_TASK TO CARRY OUT_
Whatever lies between the line with "Рыбакина обошла Швентек" and the end of the data, both included, must be copied exactly and without pictures.
[Opening DATASET EXTRACT section]
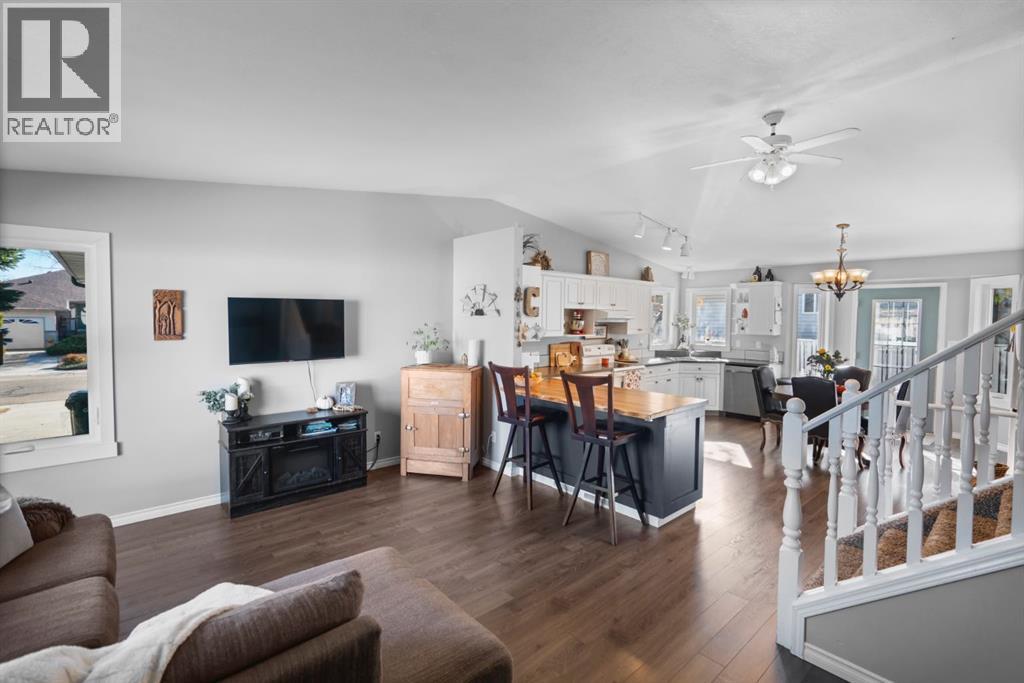 Single Family House 4 Level for Sale in   Street Victoria Park Camrose 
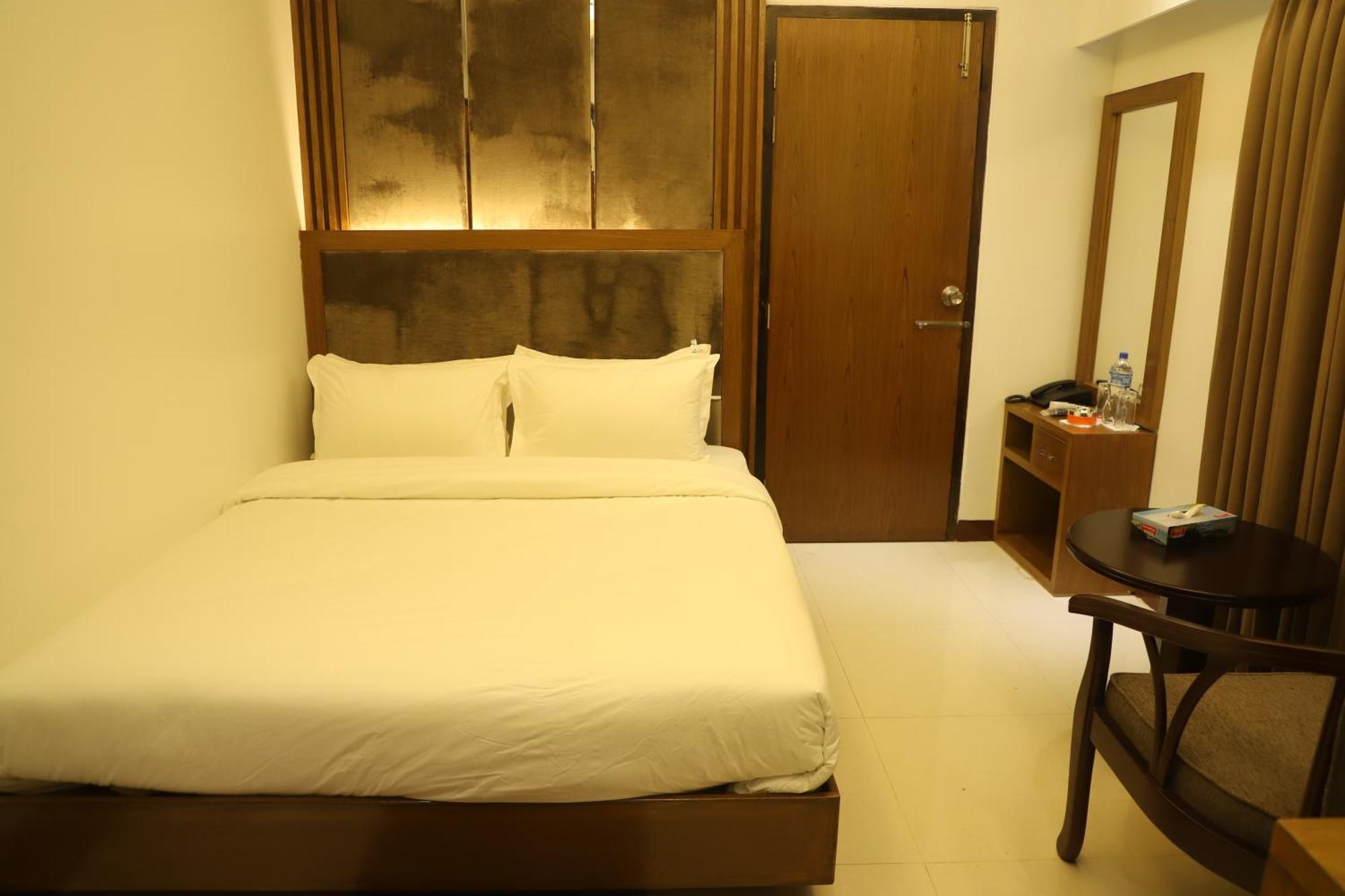 Hotel Holy Gate Sylhet Esterno foto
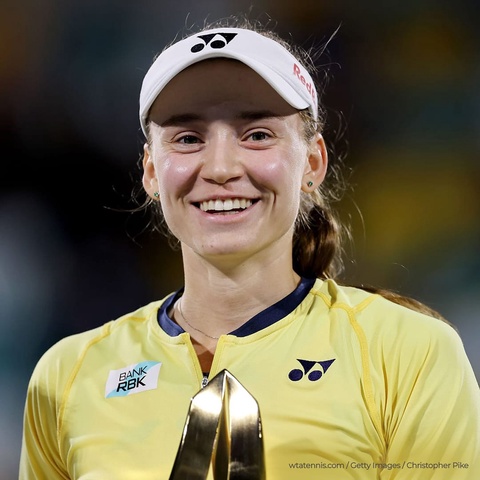 Рыбакина обошла Швентек и Соболенко и стала лидером сезона WTA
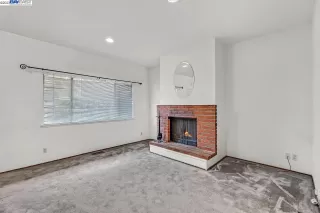 Photo #2: 41029778 Listing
[Closing DATASET EXTRACT section]
_REPLY_
 Рыбакина обошла Швентек и Соболенко и стала лидером сезона WTA
 Photo #2: 41029778 Listing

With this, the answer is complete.